Data listing.
- Opening Delimiter -

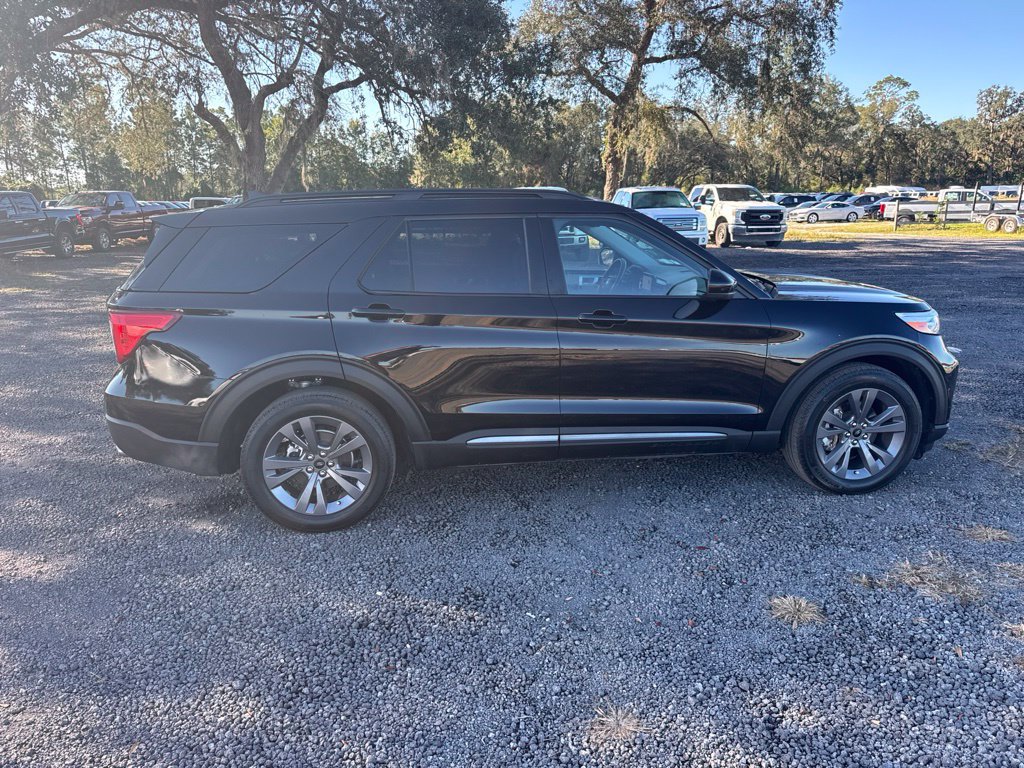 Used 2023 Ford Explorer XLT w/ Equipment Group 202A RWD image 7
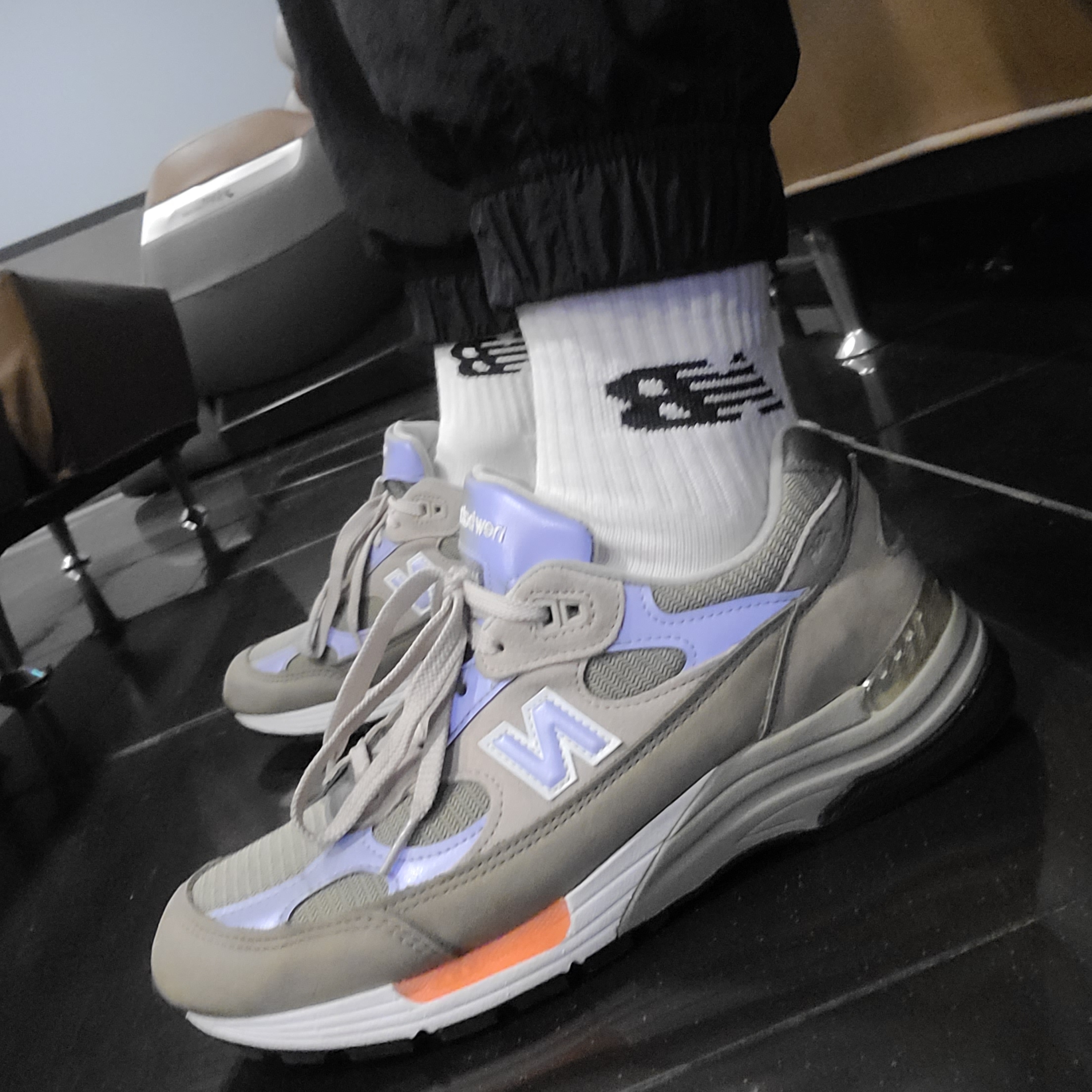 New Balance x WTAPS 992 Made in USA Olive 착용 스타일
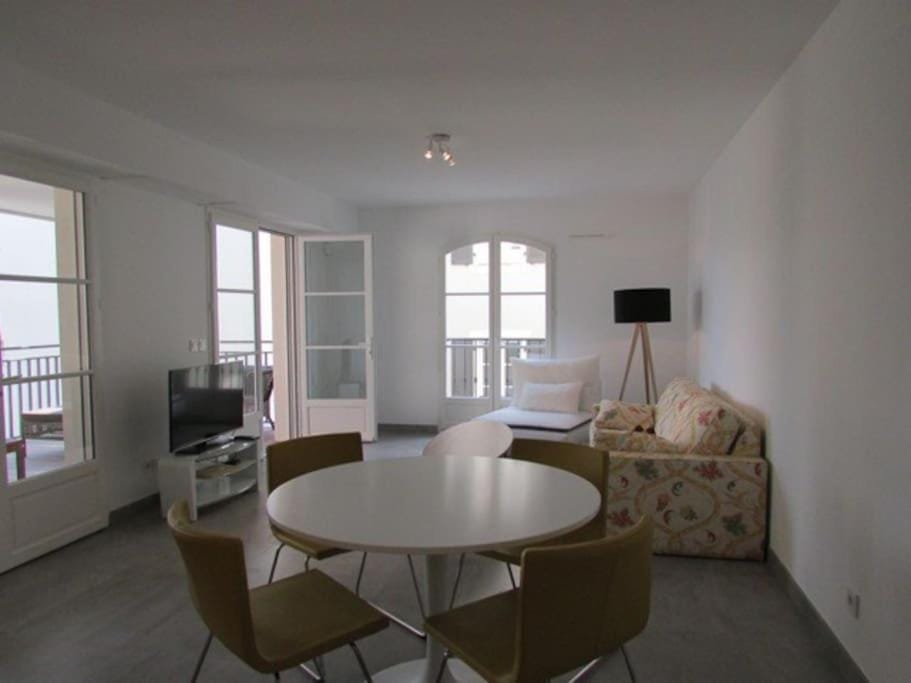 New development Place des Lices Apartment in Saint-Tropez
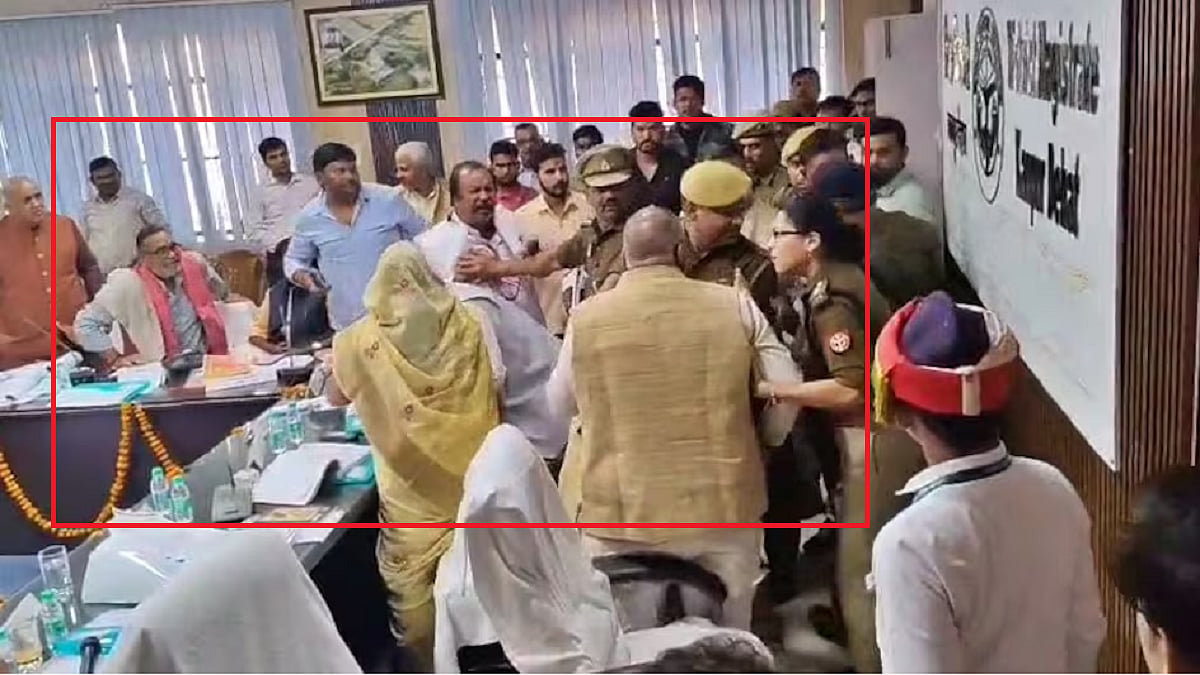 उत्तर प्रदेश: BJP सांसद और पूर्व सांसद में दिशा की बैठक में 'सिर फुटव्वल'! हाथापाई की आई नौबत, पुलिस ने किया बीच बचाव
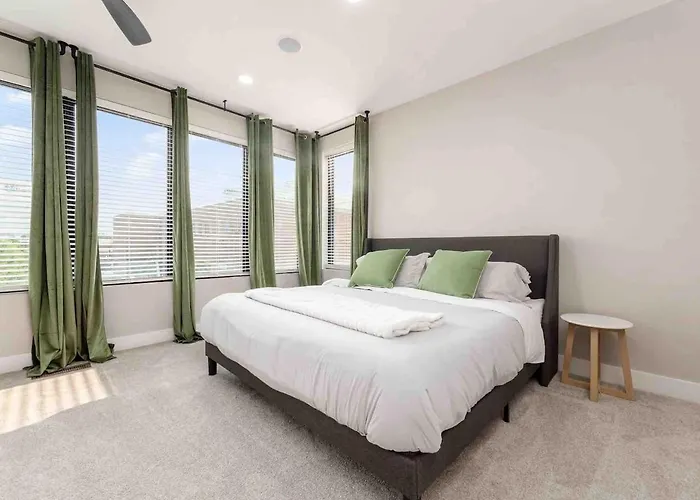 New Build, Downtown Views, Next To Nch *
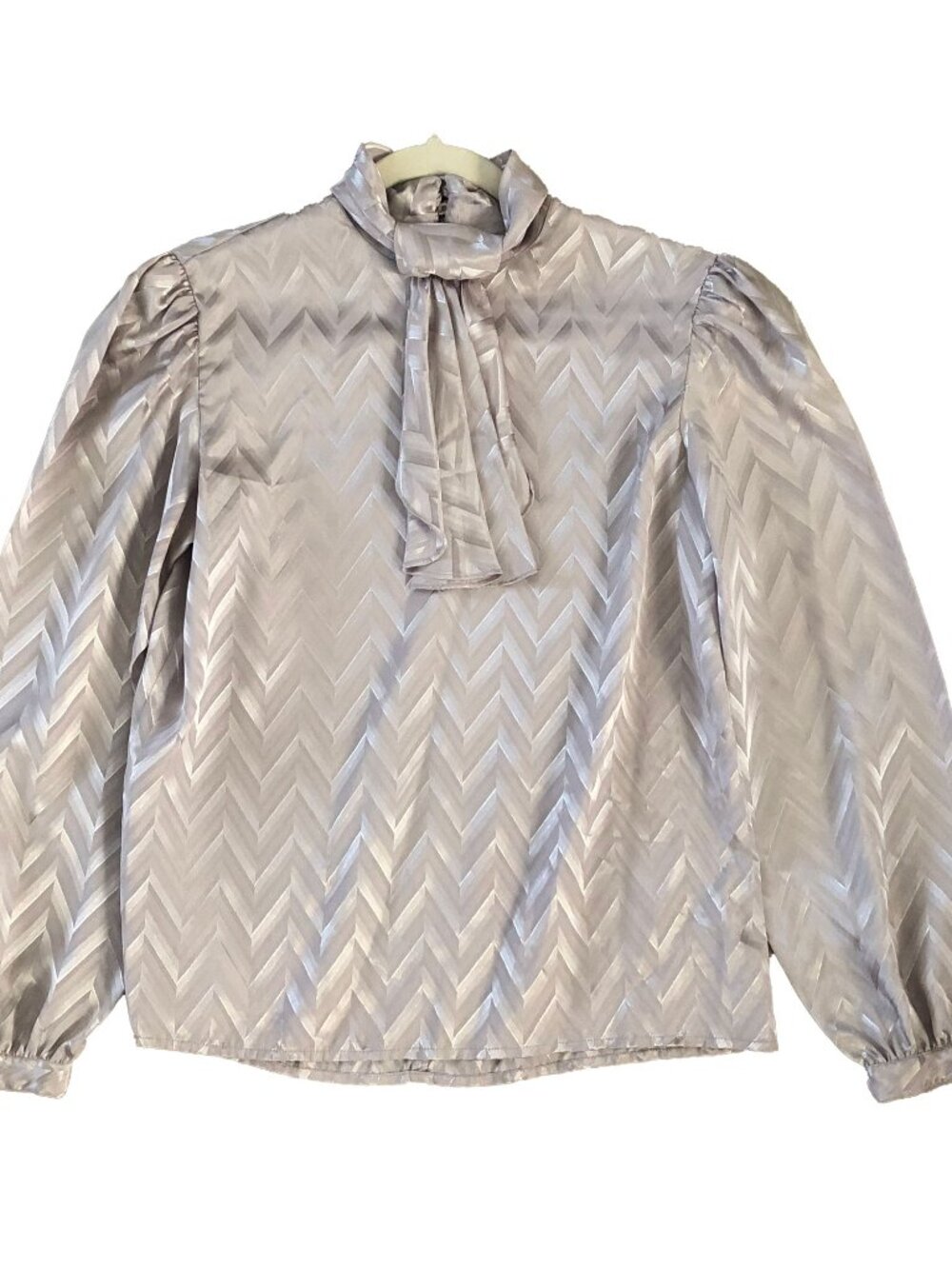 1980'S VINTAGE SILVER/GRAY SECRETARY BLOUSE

- Closing Delimiter -

Exercise directions.
Could you reproduce exactly the lines running from the one with "उत्तर प्रदेश: BJP" through the final line of the listing above, both included, and drop the pictures?

Solution to this task.
 उत्तर प्रदेश: BJP सांसद और पूर्व सांसद में दिशा की बैठक में 'सिर फुटव्वल'! हाथापाई की आई नौबत, पुलिस ने किया बीच बचाव
 New Build, Downtown Views, Next To Nch *
 1980'S VINTAGE SILVER/GRAY SECRETARY BLOUSE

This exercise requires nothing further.